WHAT TO DO:
Please reproduce the entries below exactly, starting at the first line and ending with the line that holds "改善法令紋美容儀：科技創(chuàng)新，讓你重塑年輕容顏！".

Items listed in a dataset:
============================================================

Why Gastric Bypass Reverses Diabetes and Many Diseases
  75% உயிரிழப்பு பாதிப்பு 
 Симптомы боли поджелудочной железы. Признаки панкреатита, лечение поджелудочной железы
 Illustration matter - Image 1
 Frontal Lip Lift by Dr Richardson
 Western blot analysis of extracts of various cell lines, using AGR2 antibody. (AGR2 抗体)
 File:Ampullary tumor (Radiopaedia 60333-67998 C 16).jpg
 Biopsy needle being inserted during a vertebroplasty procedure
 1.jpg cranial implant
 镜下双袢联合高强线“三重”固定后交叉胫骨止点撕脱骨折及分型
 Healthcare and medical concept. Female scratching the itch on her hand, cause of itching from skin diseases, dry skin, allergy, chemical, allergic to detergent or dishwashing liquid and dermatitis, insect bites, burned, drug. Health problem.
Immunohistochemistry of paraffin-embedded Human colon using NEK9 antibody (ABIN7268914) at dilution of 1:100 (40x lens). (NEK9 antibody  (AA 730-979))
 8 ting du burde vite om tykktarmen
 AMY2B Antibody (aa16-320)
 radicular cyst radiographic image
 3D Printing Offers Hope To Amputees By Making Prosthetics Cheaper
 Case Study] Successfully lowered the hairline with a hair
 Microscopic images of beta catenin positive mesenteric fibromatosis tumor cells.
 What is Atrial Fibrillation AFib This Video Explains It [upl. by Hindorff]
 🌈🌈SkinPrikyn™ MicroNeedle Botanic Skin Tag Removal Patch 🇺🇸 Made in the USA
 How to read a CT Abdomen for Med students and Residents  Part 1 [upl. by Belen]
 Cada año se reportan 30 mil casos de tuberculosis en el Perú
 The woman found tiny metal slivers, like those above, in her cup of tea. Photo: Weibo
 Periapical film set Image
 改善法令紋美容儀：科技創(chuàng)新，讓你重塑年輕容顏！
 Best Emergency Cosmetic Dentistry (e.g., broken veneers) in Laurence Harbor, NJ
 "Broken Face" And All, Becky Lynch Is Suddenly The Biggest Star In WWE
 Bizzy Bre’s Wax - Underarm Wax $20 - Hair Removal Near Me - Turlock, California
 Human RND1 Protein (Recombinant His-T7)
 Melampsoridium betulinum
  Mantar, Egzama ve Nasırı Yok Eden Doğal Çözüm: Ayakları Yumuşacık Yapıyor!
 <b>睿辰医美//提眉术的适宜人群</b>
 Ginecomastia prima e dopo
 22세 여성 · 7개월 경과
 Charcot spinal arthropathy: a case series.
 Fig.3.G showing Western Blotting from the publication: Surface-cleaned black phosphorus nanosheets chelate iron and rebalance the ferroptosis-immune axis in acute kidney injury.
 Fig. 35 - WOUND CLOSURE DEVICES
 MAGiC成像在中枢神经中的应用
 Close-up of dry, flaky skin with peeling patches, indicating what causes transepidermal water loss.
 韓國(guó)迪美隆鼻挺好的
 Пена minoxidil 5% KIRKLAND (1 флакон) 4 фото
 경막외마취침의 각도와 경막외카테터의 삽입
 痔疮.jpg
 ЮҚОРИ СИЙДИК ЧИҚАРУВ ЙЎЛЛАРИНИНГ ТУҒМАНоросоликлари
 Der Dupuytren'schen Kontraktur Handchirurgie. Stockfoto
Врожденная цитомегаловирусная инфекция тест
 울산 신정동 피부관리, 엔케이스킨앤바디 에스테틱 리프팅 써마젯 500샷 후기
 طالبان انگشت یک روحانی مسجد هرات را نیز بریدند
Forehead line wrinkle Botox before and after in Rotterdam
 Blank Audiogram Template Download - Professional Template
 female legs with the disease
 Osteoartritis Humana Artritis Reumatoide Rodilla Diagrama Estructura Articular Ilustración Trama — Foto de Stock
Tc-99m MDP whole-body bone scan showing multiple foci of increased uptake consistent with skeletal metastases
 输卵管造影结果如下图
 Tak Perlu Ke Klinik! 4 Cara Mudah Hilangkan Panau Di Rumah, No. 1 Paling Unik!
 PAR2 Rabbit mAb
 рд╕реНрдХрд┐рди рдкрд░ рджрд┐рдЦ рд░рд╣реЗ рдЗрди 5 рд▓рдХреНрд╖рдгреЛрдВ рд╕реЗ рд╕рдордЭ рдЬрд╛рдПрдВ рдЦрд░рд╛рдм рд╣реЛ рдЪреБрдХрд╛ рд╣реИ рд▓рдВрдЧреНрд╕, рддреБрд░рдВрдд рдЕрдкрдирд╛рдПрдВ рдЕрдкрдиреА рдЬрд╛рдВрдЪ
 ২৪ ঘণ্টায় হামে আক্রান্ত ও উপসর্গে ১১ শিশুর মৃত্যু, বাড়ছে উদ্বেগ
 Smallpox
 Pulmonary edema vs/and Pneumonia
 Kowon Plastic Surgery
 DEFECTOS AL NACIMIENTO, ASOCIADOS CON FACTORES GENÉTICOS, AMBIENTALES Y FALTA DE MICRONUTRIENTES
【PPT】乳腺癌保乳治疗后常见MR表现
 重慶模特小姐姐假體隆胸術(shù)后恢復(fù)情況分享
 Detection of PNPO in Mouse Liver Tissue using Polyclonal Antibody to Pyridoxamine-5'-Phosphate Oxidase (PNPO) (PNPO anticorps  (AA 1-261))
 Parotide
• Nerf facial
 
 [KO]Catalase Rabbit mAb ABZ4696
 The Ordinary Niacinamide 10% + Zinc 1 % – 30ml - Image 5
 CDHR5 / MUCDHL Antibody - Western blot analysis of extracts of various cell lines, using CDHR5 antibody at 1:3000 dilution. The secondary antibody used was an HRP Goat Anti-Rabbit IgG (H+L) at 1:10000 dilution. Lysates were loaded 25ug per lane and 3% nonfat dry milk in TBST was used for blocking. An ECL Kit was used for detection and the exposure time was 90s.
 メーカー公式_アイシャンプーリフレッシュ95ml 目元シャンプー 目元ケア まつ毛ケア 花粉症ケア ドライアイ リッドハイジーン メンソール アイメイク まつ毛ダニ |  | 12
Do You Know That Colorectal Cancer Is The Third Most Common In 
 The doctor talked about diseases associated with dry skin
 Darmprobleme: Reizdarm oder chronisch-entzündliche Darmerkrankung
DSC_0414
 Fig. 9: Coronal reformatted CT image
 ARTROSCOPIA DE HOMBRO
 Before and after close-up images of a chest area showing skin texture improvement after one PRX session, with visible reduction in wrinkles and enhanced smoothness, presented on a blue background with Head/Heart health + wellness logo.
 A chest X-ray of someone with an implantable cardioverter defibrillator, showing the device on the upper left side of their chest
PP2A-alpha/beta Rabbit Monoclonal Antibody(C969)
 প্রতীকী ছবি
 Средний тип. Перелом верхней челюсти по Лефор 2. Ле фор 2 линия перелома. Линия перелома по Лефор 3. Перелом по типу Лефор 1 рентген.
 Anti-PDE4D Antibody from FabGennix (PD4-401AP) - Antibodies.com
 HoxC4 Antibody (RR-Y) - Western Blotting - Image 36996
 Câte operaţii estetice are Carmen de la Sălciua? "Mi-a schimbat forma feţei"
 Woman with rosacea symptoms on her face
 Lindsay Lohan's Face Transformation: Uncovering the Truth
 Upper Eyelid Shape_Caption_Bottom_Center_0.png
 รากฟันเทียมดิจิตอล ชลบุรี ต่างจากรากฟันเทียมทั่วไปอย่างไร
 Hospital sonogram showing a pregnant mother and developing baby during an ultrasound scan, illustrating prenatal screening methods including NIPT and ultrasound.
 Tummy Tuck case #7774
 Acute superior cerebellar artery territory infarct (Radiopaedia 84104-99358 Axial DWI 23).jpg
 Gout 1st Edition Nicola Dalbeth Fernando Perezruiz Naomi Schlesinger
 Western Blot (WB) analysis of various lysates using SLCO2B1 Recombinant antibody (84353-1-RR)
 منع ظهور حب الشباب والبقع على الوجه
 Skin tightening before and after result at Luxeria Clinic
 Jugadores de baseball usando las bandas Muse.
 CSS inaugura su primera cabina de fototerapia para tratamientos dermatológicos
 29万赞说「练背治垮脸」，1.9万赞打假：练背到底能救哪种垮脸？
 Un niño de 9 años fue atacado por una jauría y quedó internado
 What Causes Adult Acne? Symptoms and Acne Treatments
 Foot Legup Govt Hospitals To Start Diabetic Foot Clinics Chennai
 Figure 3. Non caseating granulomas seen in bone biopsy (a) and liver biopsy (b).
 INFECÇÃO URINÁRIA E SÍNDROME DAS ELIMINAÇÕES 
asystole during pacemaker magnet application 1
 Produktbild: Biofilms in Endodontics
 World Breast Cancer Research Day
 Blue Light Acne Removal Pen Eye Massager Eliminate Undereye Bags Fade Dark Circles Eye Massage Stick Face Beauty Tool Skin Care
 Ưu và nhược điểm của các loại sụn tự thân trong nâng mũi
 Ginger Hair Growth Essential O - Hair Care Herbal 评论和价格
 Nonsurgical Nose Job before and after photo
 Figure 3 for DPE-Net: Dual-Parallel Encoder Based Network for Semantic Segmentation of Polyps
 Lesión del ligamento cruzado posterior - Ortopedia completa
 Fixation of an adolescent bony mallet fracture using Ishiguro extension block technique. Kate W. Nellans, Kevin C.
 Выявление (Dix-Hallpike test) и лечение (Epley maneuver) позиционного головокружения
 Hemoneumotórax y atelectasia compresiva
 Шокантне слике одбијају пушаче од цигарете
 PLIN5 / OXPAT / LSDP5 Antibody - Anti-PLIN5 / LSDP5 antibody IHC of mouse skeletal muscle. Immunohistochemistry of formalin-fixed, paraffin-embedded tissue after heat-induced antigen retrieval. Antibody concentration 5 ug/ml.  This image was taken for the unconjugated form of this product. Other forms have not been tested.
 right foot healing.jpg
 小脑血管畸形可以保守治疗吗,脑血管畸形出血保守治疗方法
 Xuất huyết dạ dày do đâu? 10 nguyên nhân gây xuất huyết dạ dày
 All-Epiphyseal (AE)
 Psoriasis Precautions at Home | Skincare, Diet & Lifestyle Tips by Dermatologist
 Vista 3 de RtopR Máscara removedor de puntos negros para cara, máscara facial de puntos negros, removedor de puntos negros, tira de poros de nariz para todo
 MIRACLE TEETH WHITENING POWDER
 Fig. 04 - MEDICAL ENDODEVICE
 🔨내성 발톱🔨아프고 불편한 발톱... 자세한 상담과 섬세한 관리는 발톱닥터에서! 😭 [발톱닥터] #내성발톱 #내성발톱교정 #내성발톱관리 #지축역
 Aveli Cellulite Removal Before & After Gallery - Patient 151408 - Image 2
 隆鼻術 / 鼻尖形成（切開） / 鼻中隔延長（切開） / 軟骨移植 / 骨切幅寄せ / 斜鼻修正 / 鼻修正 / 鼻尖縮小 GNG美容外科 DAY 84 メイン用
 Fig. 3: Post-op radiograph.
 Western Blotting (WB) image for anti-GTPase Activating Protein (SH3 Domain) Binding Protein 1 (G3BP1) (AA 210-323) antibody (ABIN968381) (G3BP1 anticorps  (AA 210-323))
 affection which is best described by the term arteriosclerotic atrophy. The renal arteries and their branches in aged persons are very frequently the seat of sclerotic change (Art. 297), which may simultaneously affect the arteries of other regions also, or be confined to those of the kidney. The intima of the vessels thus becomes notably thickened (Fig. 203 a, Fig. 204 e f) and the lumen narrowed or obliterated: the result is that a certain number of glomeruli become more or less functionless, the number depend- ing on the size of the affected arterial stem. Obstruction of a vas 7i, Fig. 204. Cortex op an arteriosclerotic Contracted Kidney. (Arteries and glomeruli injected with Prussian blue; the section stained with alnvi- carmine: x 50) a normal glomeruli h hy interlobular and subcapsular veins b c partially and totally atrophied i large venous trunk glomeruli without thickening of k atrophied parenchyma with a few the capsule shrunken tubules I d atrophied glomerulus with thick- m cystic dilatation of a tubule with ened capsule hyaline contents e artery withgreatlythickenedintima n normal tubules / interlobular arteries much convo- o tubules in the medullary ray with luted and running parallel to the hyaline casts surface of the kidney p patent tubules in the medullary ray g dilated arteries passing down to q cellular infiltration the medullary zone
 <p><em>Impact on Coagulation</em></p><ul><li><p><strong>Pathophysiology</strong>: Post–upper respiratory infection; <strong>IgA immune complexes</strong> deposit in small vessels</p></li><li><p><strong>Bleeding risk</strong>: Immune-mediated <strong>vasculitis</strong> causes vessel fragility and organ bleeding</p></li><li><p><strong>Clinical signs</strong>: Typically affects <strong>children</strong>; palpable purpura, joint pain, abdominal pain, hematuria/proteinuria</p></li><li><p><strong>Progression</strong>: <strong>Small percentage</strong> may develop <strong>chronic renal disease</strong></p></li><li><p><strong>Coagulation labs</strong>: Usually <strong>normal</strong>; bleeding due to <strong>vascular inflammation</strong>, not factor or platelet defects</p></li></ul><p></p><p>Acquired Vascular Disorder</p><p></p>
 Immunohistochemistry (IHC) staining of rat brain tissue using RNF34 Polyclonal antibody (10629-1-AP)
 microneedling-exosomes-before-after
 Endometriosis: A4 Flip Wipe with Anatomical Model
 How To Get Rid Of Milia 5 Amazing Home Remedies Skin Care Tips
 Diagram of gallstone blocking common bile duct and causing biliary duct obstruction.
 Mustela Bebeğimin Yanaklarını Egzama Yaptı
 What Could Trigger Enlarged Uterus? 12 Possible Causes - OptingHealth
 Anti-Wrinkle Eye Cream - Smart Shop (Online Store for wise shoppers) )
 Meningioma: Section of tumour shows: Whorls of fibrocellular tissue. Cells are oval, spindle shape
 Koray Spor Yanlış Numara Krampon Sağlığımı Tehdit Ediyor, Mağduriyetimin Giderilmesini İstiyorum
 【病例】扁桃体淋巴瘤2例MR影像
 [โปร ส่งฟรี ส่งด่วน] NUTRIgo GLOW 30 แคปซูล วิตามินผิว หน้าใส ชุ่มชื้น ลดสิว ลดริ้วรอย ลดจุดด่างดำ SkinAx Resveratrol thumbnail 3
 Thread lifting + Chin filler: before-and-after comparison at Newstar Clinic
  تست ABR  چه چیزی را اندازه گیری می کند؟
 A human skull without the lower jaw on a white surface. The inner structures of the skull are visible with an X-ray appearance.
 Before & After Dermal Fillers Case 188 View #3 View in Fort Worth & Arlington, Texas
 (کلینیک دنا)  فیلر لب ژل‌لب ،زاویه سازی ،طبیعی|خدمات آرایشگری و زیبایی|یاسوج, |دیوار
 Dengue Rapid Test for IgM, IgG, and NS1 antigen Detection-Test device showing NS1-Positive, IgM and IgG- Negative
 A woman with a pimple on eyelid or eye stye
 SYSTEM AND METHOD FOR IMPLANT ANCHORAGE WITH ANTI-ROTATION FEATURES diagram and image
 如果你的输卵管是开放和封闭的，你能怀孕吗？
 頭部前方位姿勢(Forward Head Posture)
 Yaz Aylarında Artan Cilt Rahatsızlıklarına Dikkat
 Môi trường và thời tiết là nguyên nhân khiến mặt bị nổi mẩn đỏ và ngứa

============================================================

RESPONSE TO THE TASK:
Why Gastric Bypass Reverses Diabetes and Many Diseases
  75% உயிரிழப்பு பாதிப்பு 
 Симптомы боли поджелудочной железы. Признаки панкреатита, лечение поджелудочной железы
 Illustration matter - Image 1
 Frontal Lip Lift by Dr Richardson
 Western blot analysis of extracts of various cell lines, using AGR2 antibody. (AGR2 抗体)
 File:Ampullary tumor (Radiopaedia 60333-67998 C 16).jpg
 Biopsy needle being inserted during a vertebroplasty procedure
 1.jpg cranial implant
 镜下双袢联合高强线“三重”固定后交叉胫骨止点撕脱骨折及分型
 Healthcare and medical concept. Female scratching the itch on her hand, cause of itching from skin diseases, dry skin, allergy, chemical, allergic to detergent or dishwashing liquid and dermatitis, insect bites, burned, drug. Health problem.
Immunohistochemistry of paraffin-embedded Human colon using NEK9 antibody (ABIN7268914) at dilution of 1:100 (40x lens). (NEK9 antibody  (AA 730-979))
 8 ting du burde vite om tykktarmen
 AMY2B Antibody (aa16-320)
 radicular cyst radiographic image
 3D Printing Offers Hope To Amputees By Making Prosthetics Cheaper
 Case Study] Successfully lowered the hairline with a hair
 Microscopic images of beta catenin positive mesenteric fibromatosis tumor cells.
 What is Atrial Fibrillation AFib This Video Explains It [upl. by Hindorff]
 🌈🌈SkinPrikyn™ MicroNeedle Botanic Skin Tag Removal Patch 🇺🇸 Made in the USA
 How to read a CT Abdomen for Med students and Residents  Part 1 [upl. by Belen]
 Cada año se reportan 30 mil casos de tuberculosis en el Perú
 The woman found tiny metal slivers, like those above, in her cup of tea. Photo: Weibo
 Periapical film set Image
 改善法令紋美容儀：科技創(chuàng)新，讓你重塑年輕容顏！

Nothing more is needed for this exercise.